Madam Deputy Speaker

That seems to be a debating point—no doubt a very important one in the hon. Member's eyes. The debate in which that point could have been raised has been concluded. If hon. Members want to raise such issues further, they will have to do so by means other than points of order.

Mr. Marlow

On a point of order, Madam Deputy Speaker.

Madam Deputy Speaker

I trust that it is a different point of order.

Mr. Marlow

Yes, a totally different point of order. In the past three or four days, the House has been subjected to a co-ordinated campaign of smear and innuendo, orchestrated by the leader of the Opposition—no doubt aided and abetted by the hon. Member for Hartlepool (Mr. Mandelson). It has been based on baseless foundations which have all been proved totally wrong today. In normal circumstances, any hon. Member who had done that and had been found wanting would have apologised before the House—

Madam Deputy Speaker

Order. Mr. Marlow, would you kindly sit down? I have already indicated that the kinds of points of order that I am now receiving are an attempt to continue a debate which has already been concluded. Hon. Members know full well that there are usually ample opportunities at a later stage to deal with such issues.

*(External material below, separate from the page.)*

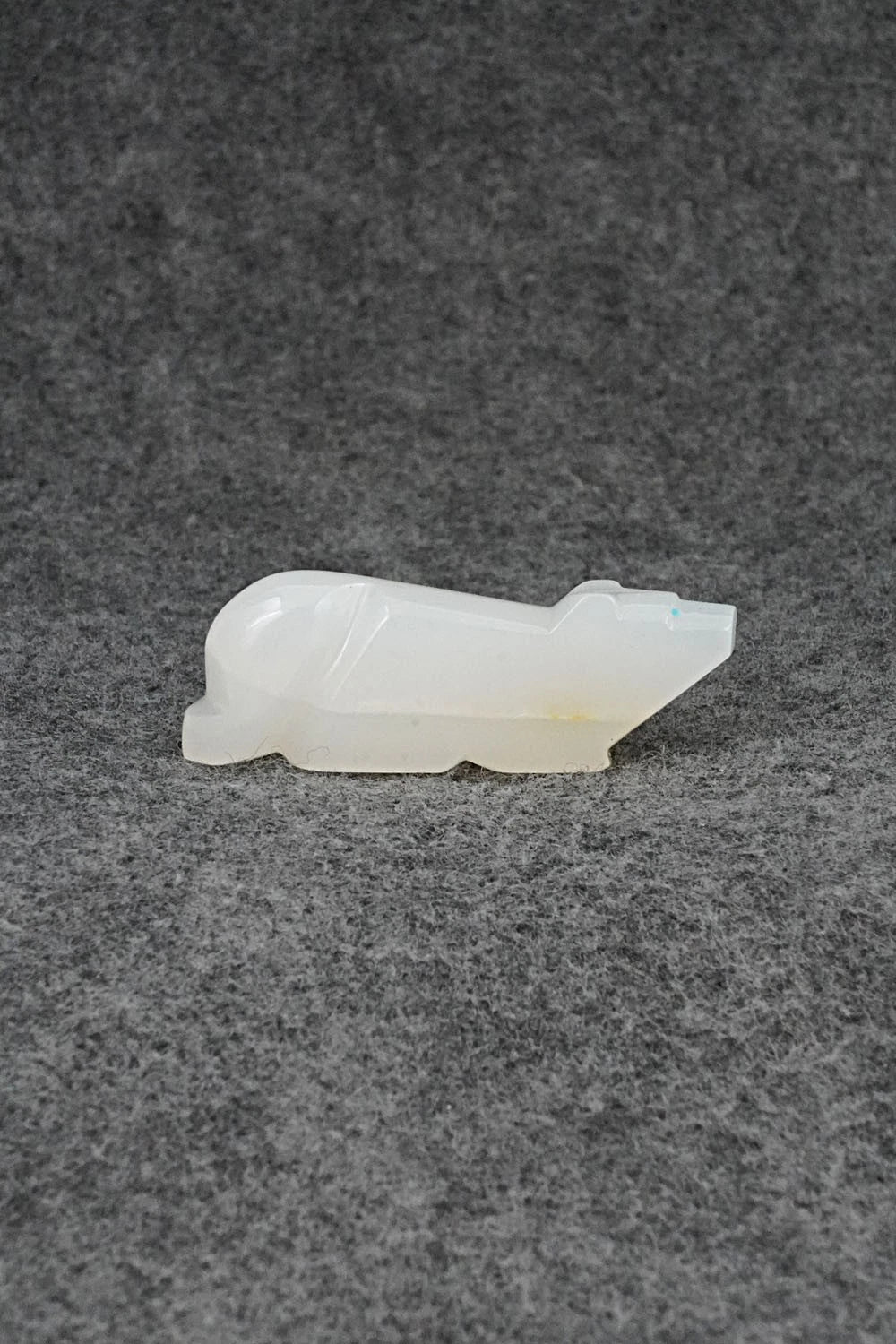 Fox Zuni Fetish Carving - Clayton Panteah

Mr. Nick Hawkins (Blackpool, South)

On an entirely fresh point of order, Madam Deputy Speaker. In a debate yesterday, the hon. Member for Oldham, West (Mr. Meacher), then the shadow Secretary of State for Transport, suggested from the Dispatch Box that he, on behalf of the Labour party, wished to encourage leaks by civil servants and others in the field of transport. Have you received any indication from the new Opposition Front-Bench team that they wish to resile from the announcement yesterday of wishing to encourage leaks by Crown servants?

Madam Deputy Speaker

That is not a matter for the Chair.

Mr. David Winnick (Walsall, North)

On a point of order, Madam Deputy Speaker. As you are no doubt aware, there is a tremendous amount of interest—certainly among disabled people—in the subject that the House is due to debate next. Does it not occur to you that we are witnessing an orchestrated filibuster from Tory Members of Parliament who could not care less about the disabled and are trying to stop the debate being initiated? They are showing total contempt for the disabled.

Mr. Patrick Nicholls (Teignbridge)

On a point of order, Madam Deputy Speaker.

Madam Deputy Speaker

I gather that it is a different point of order.

Mr. Nicholls

It is, Madam Deputy Speaker. I seek your guidance on the arrangements which have to be made to enable one to make a personal statement before the House. You will appreciate that the Leader of the Opposition will want an early opportunity to withdraw the baseless allegations made against the Home Secretary, which have been comprehensively answered today. What are the arrangements for the Leader of the Opposition to make such an approach and thus make a personal statement?

Madam Deputy Speaker

I expect hon. Members to find that out for themselves without wasting the time available in this Chamber.

Mr. Phil Gallie (Ayr)

Further to the points of order raised by the hon. Members for Walsall, North (Mr. Winnick) and for Monklands, West (Mr. Clarke), Madam Deputy Speaker. Is not it the case that the Leader of the Opposition could well have tabled a motion on disability which could have been debated rather than the useless, wasteful debate which we were forced into having this afternoon?

Madam Deputy Speaker

The Leader of the Opposition certainly could not do that this evening because it is not Opposition time.

Mr. Tom Clarke

On a point of order, Madam Deputy Speaker.

Madam Deputy Speaker

Is it a different point of order?

Mr. Clarke

In many ways we have seen the House at its worst, and I hope—[Interruption.]

Madam Deputy Speaker

Order. I need to be clear whether the hon. Member is seeking to raise a point of order or is trying to start the next debate.

Mr. Clarke

I am trying to start the next debate.

Madam Deputy Speaker

In that case, some procedure has to be dealt with first.